_Assignment_. Only the lines from the one containing "12, Barnes Wallis Court, Byfleet photo 2" through the end of the entries are wanted, retyped exactly and without pictures.

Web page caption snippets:
★ ★ ★
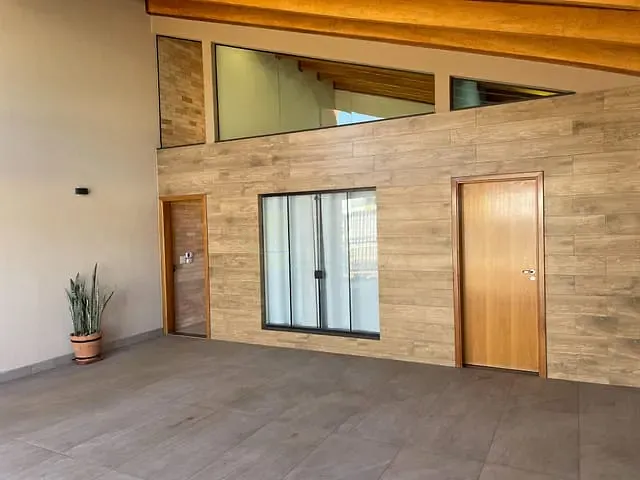 Casa com 424m² 4 quartos e 5 banheiros, à venda, no bairro Quinta Funchal em Apucarana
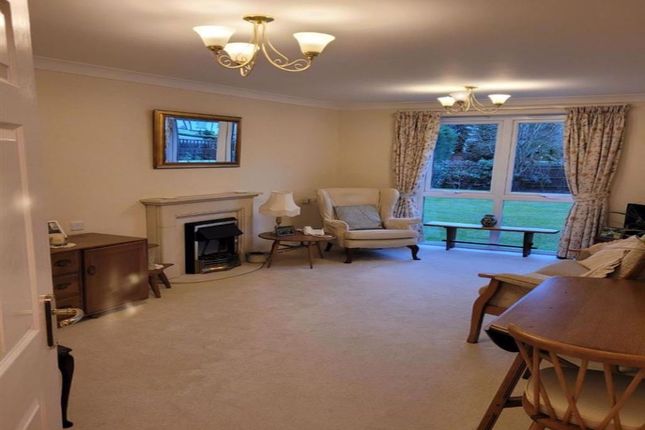12, Barnes Wallis Court, Byfleet photo 2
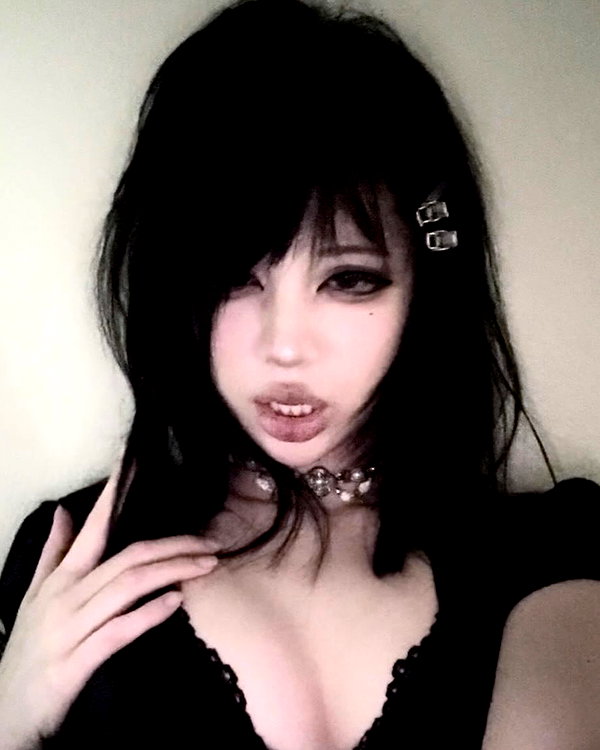 d0lli.ii instagram image archive image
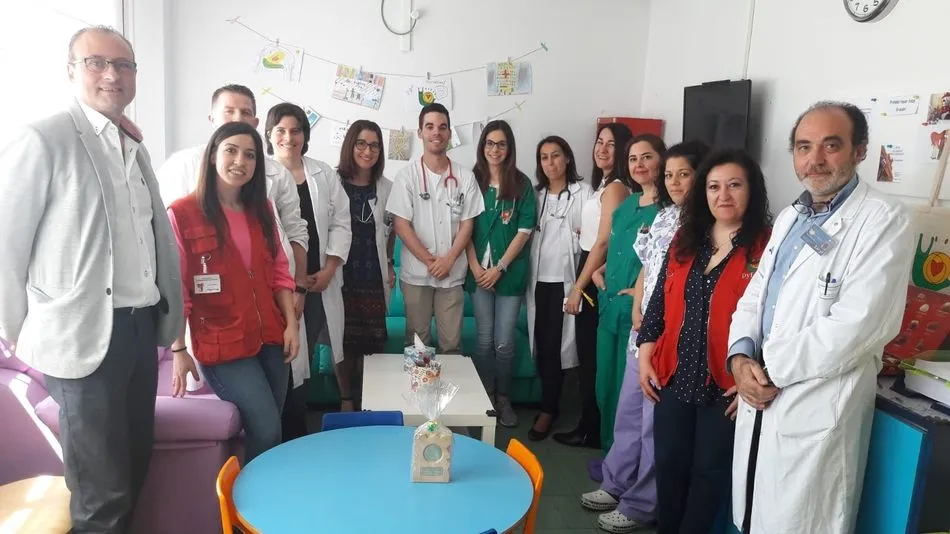 El responsable de Pyfano, Míchel (izquierda), junto a representantes del hospital y trabajadores.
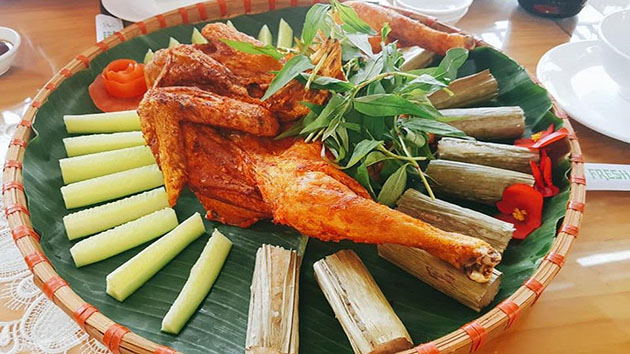 Nhà hàng Nhắm Giảng - Địa chỉ thưởng thức món cơm lam gà nướng hoàn toàn mới ở Đà Lạt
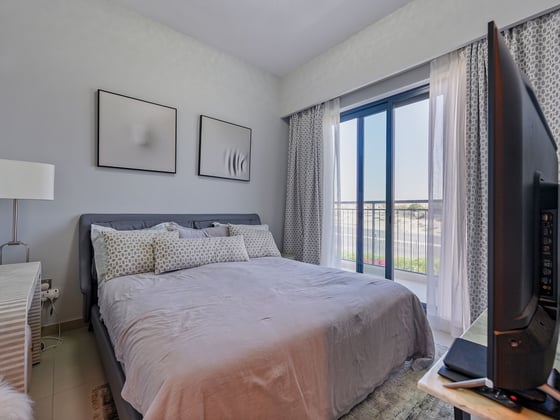 Vacant on Transfer - Single Row - Corner Unit, picture 10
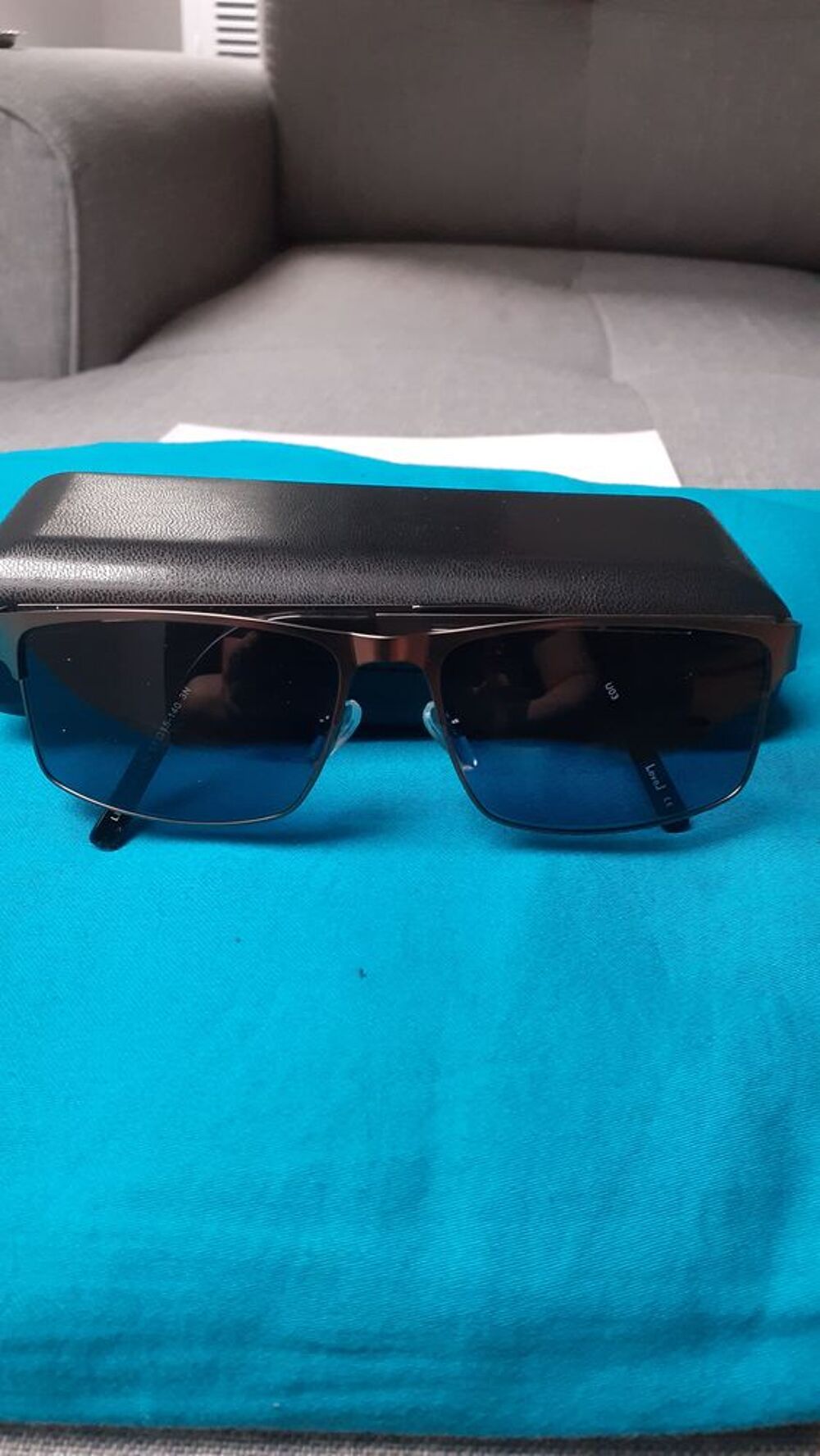 Lunettes de soleil Bijoux et montres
★ ★ ★
_Answer section_.
12, Barnes Wallis Court, Byfleet photo 2
 d0lli.ii instagram image archive image
 El responsable de Pyfano, Míchel (izquierda), junto a representantes del hospital y trabajadores.
 Nhà hàng Nhắm Giảng - Địa chỉ thưởng thức món cơm lam gà nướng hoàn toàn mới ở Đà Lạt
 Vacant on Transfer - Single Row - Corner Unit, picture 10
 Lunettes de soleil Bijoux et montres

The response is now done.